Bond, chairman of the National Association for the Advancement of Colored People, was the keynote speaker for the Leadership Lecture Series at Buffalo State College, where he addressed a few hundred people Thursday afternoon in Rockwell Hall.
Bond talked about the long struggle for equality for African- Americans, a movement he has watched from the front lines, whether it was while leading protests in the South during the early 1960s, serving as president of the Southern Poverty Law Center or acting as chairman of the NAACP since 1998.
While Bond talked about how far the civil rights movement in America has come, he reminded students how far there is to go.
“It has been less than 45 years that all black Americans have exercised their rights as full citizens,” Bond said. “We are such a young nation.

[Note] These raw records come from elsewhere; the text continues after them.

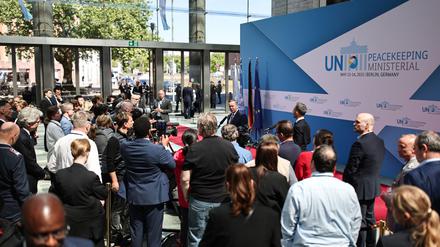 UN-Konferenz vom Auswärtigen Amt sorgt in Berlin-Mitte für Behinderungen. 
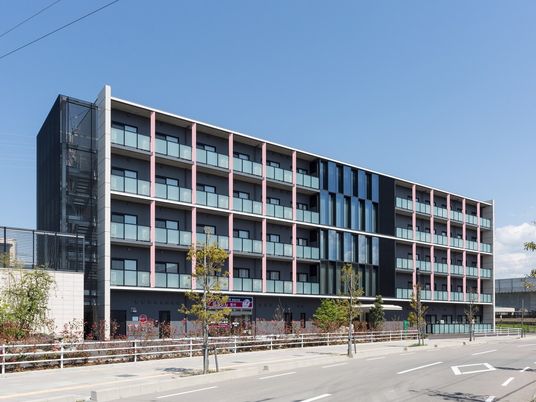 鉄骨造の建物の外観。サービス付き高齢者向け住宅朱鷺の苑かがやきの外観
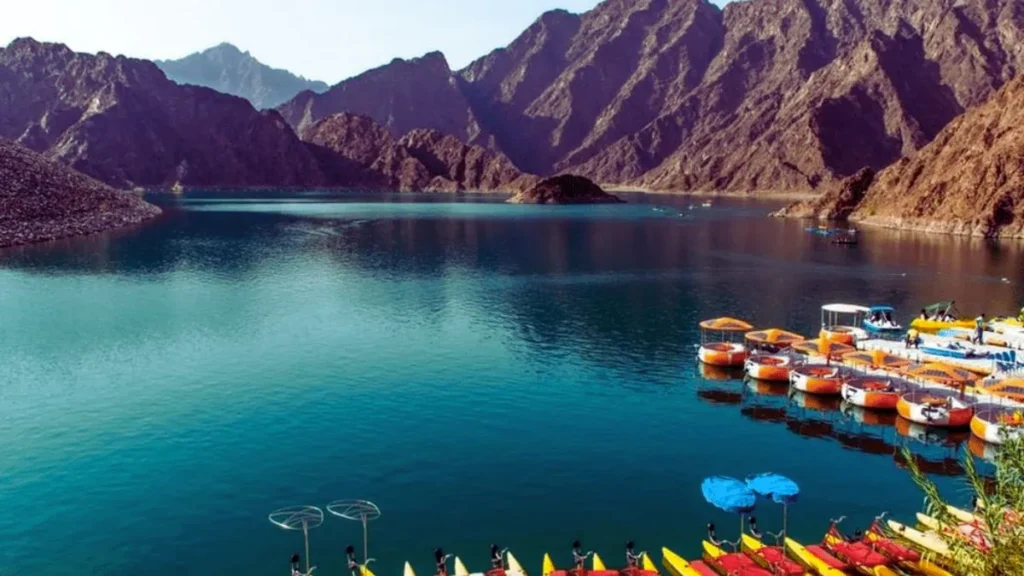 The calm waters of Hatta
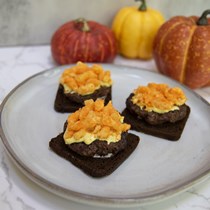 Mini Cheetos Burger on Pumpernickel 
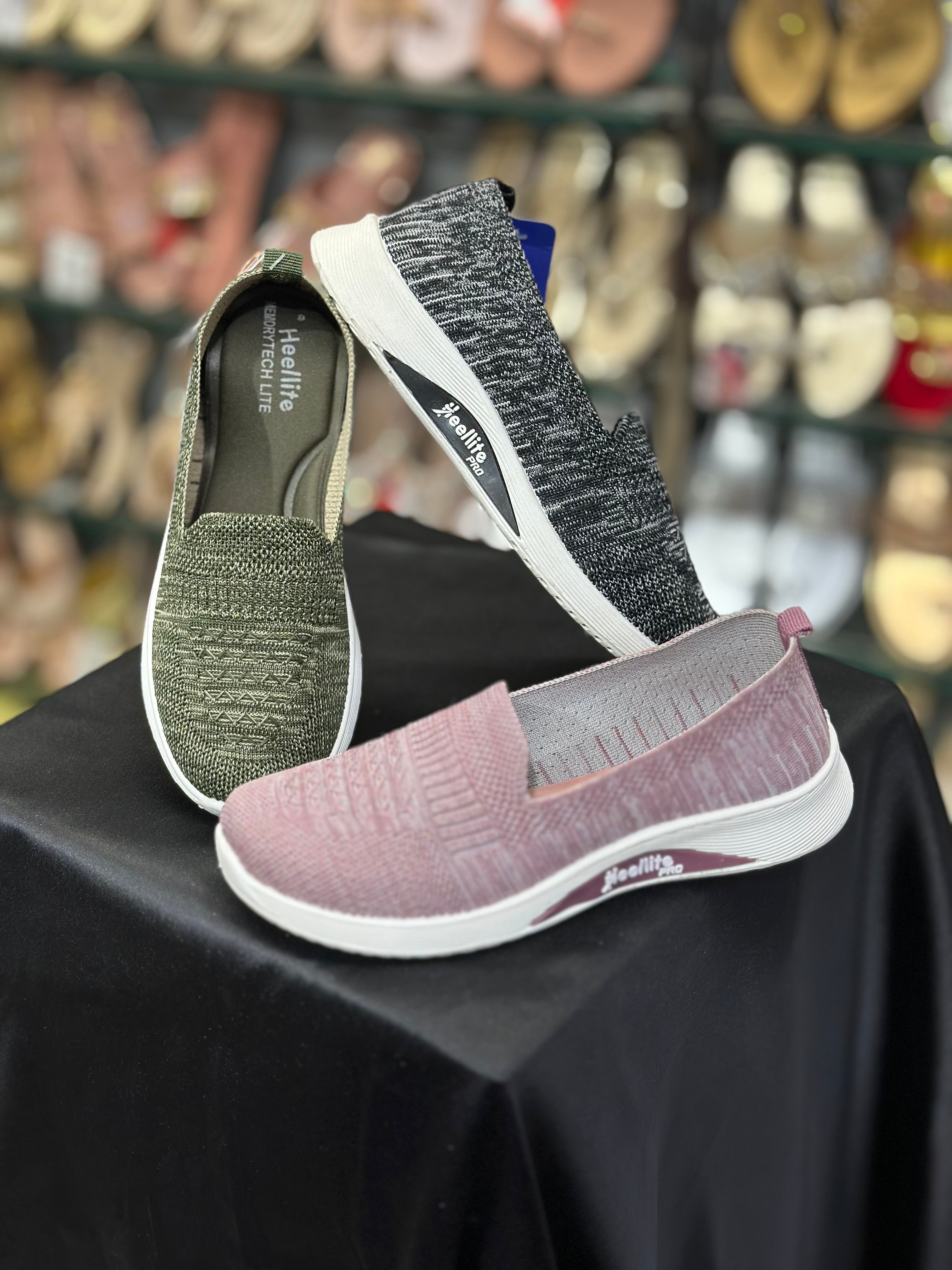 WOMEN WEIGHTLESS SLIP ON SHOES S-01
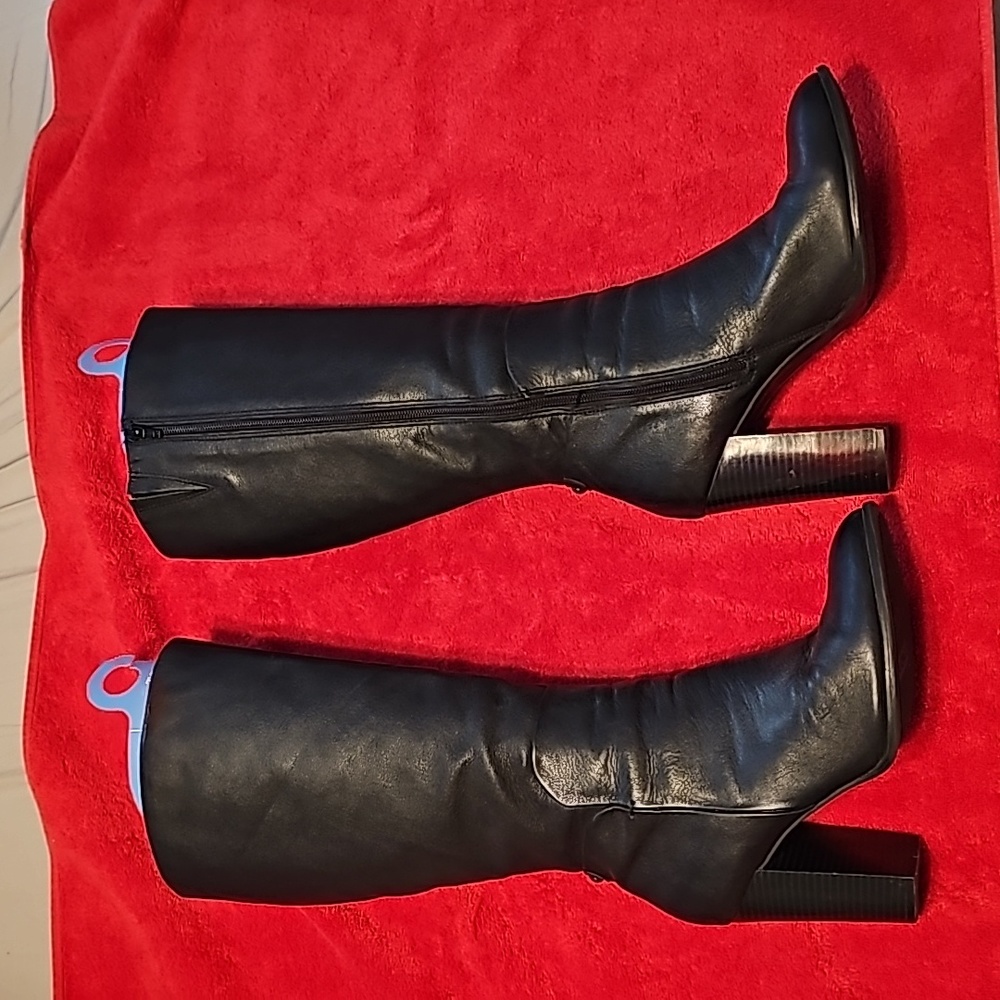 Liz&Co Black Leather Boots Zip Side with 4" Heels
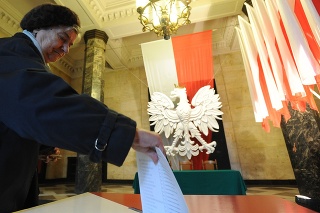 V Poľsku prebiehajú parlamentné voľby.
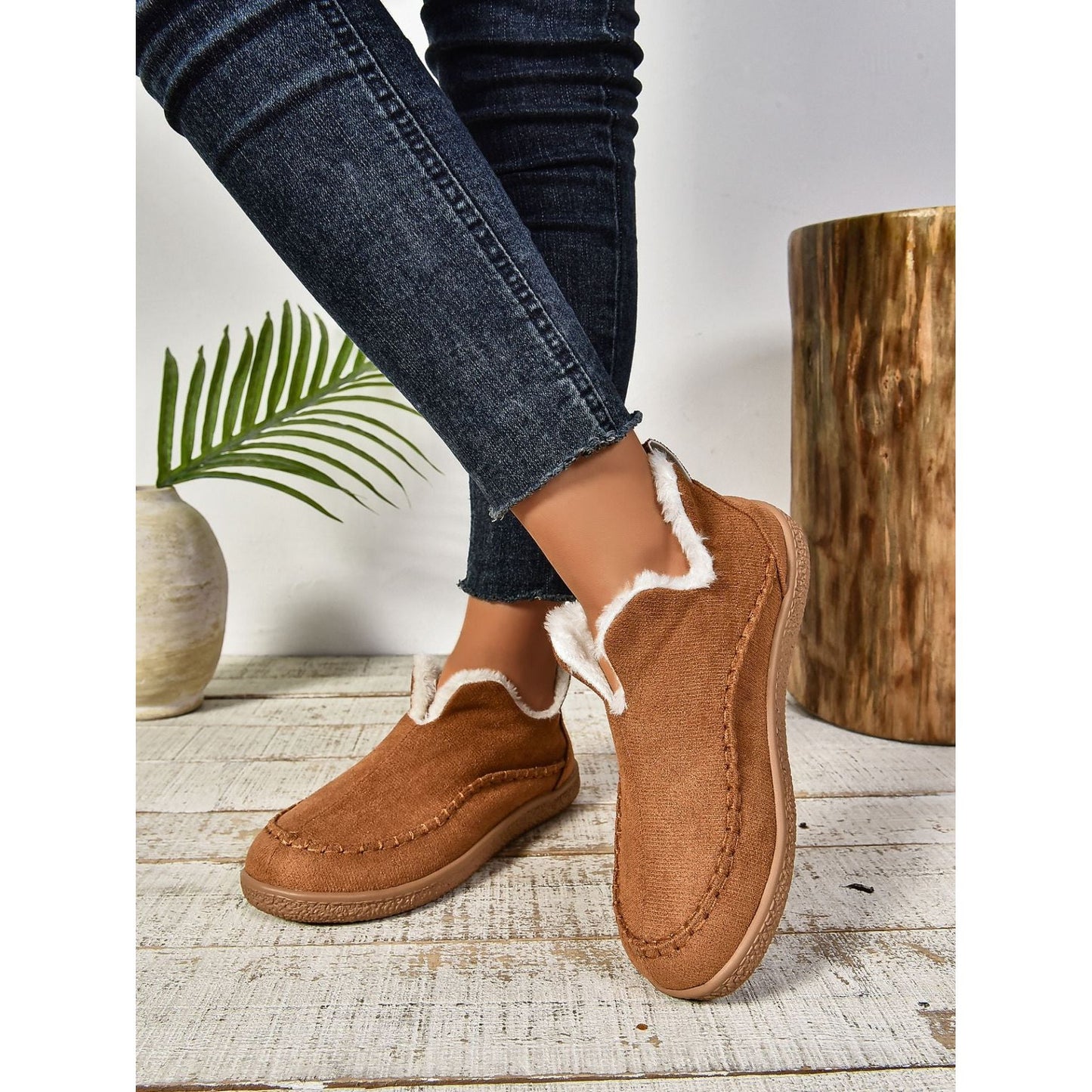 Faux Fur Round Toe Flat Sneakers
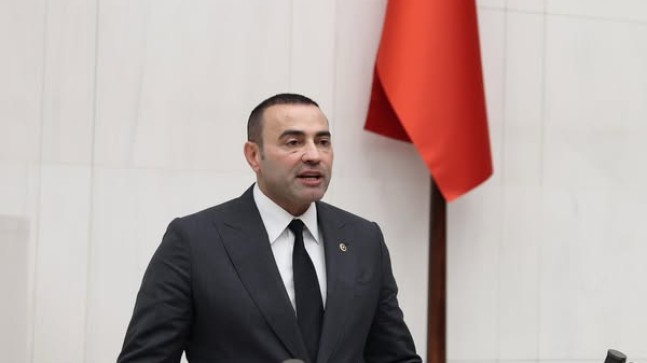 CHP’li Aykut Kaya’dan Yörükler İçin TBMM’ye Çağrı: “Sorunlar Araştırılmalı, Çözüm İçin Adım Atılmalı”* CHP Antalya Milletvekili Aykut Kaya, Yörüklerin karşı karşıya olduğu ekonomik, sosyal ve kültürel sorunların araştırılması ve çözüm önerileri geliştirilmesi amacıyla TBMM’ye Meclis Araştırma Önergesi sundu. Ayrıca, Yörüklerin hayvancılık, eğitim, sağlık ve sosyal güvence konularındaki sorunlarına yönelik ilgili bakanlıkların yanıtlaması için Yazılı Soru Önergeleri verdi. “Yörük Kültürü ve Geçim Kaynakları Tehlikede” Kaya, Meclis’e sunduğu Araştırma Önergesinde, Yörüklerin hem ekonomik hem de sosyal açıdan büyük zorluklarla mücadele ettiğini, geleneksel yaşam biçimlerinin tehdit altında olduğunu belirterek, şu başlıklara dikkat çekti: ✅ Mera ve Otlakiyeye Erişim: Yörüklerin yaylak ve kışlak alanlarına erişimde zorluk yaşadığı, orman idaresiyle arazi kullanımına dair anlaşmazlıklar bulunduğu, geleneksel göç yollarının kapatıldığı vurgulandı. Kaya, mevzuatta Yörüklerin haklarını koruyacak düzenlemeler yapılması gerektiğini belirtti. ✅ Yem ve Hayvancılık Destekleri: Artan yem fiyatları ve yetersiz devlet desteklerinin Yörükleri hayvancılığı bırakmaya zorladığını belirten Kaya, hayvan başı desteklerin artırılması, afet bölgelerinde özel teşviklerin sağlanması ve bölgesel destek politikalarının geliştirilmesi gerektiğini vurguladı. ✅ Sosyal Güvence Eksikliği: Konar-göçer yaşam süren birçok Yörük ailesinin düzenli bir gelir kaynağına sahip olmadığı için sosyal güvence kapsamı dışında kaldığını belirten Kaya, SGK primlerinin devlet tarafından karşılanması veya özel prim teşvikleri sağlanması gerektiğini dile getirdi. ✅ Eğitimde Erişim Sorunu: Mevsimsel göç nedeniyle Yörük çocuklarının okula düzenli devam edemediğini, gezici öğretmen uygulamasının yeniden hayata geçirilmesi ve uzaktan eğitim olanaklarının artırılması gerektiğini vurguladı. ✅ Sağlık Hizmetlerine Erişim: Yaylalarda ve kırsal bölgelerde yaşayan Yörüklerin gezici sağlık hizmetlerine erişimde ciddi sorunlar yaşadığını, sağlık taramalarının yaygınlaştırılması ve mobil sağlık ekiplerinin artırılması gerektiğini belirtti. ✅ Kültürel Mirasın Korunması: Yörük kültürünün yok olma tehlikesiyle karşı karşıya olduğunu belirten Kaya, bu kültürün kayıt altına alınması, UNESCO Somut Olmayan Kültürel Miras Listesi’ne dahil edilmesi ve geleneksel festivallere devlet desteği sağlanması gerektiğini ifade etti. “*Bakanlıklar Harekete Geçmeli*” Kaya, Meclis Araştırma Önergesinin yanı sıra ilgili bakanlıkların yanıtlaması için Yörüklerin sorunlarıyla ilgili beş ayrı Yazılı Soru Önergesi sundu.  • Kültürel mirasın korunması ve Yörük kültürünün UNESCO listesine alınması için yapılan çalışmalar nelerdir?  • Yaylak ve kışlak alanlarının kullanımına dair Yörüklerin haklarını koruyacak düzenlemeler yapılacak mıdır?  • Artan yem fiyatları ve hayvancılık maliyetleri nedeniyle Yörüklere sağlanan destekler artırılacak mıdır?  • Yörük çocuklarının eğitimden geri kalmaması için gezici öğretmen modeli yeniden hayata geçirilecek midir?  • Sağlık Bakanlığı, yaylalarda ve kırsal alanlarda yaşayan Yörüklere yönelik gezici sağlık hizmetlerini artıracak mıdır? “*Yörüklerimiz İçin Somut Adımlar Atılmalı*” Yörüklerin Türkiye’nin kültürel ve ekonomik mirasının önemli bir parçası olduğunu vurgulayan Kaya, devletin bu topluluklara yönelik destekleri artırması ve sorunlarını çözmek için somut adımlar atması gerektiğini ifade etti. “Yörüklerimiz sadece kültürel mirasımızın değil, hayvancılık ve kırsal üretimin de temel taşıdır. Ancak bugün birçok alanda büyük sıkıntılarla mücadele ediyorlar. Devlet, onların haklarını koruyacak düzenlemeleri yapmalı, destekleri artırmalı ve sosyal güvencelerini sağlamalıdır. TBMM’ye sunduğumuz araştırma önergesi ve soru önergeleriyle bu konunun takipçisi olacağız.” CHP’li Kaya, sürecin yakından takip edileceğini belirterek, hükûmeti Yörüklerin sorunlarına yönelik hızlı ve kalıcı çözümler üretmeye çağırdı.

Only my father’s generation stands between Julian Bond and slavery.”
Bond said the importance of Obama’s election can’t be overstated, but he pointed to the numerous issues still facing a disproportionate number of the nation’s blacks: poverty, lack of health insurance, incarceration and the loss of homes from the subprime mortgage crisis.
At the same time, he said, there’s a rise in hate groups since the start of the decade.
“Racism has a nasty habit of never going away, no matter how much we want it to,” Bond said. “That’s why we need to be ever vigilant.”
Bond prodded the students and other members of the audience to join the NAACP — regardless of color — noting that the organization’s fight for equality has benefited everyone from gays to the elderly to the disabled.
“Anyone who shares our values is welcome,” he said. “When we wage battles for equality, we expand democracy for all.”
Bond spoke for about an hour before taking questions from students, whose parents’ generation is probably more familiar with the 69-year-old Bond than they are.
One asked about the differences between students today and during Bond’s generation.
Students today, Bond said, seem to be more focused on social service — organizing clothing drives or rebuilding dilapidated homes — where students of his generation emphasized social justice.
“One isn’t better than the other. It’s just I would hope you give equal weight to social justice,” Bond said. “If you have social justice, you don’t need social service.”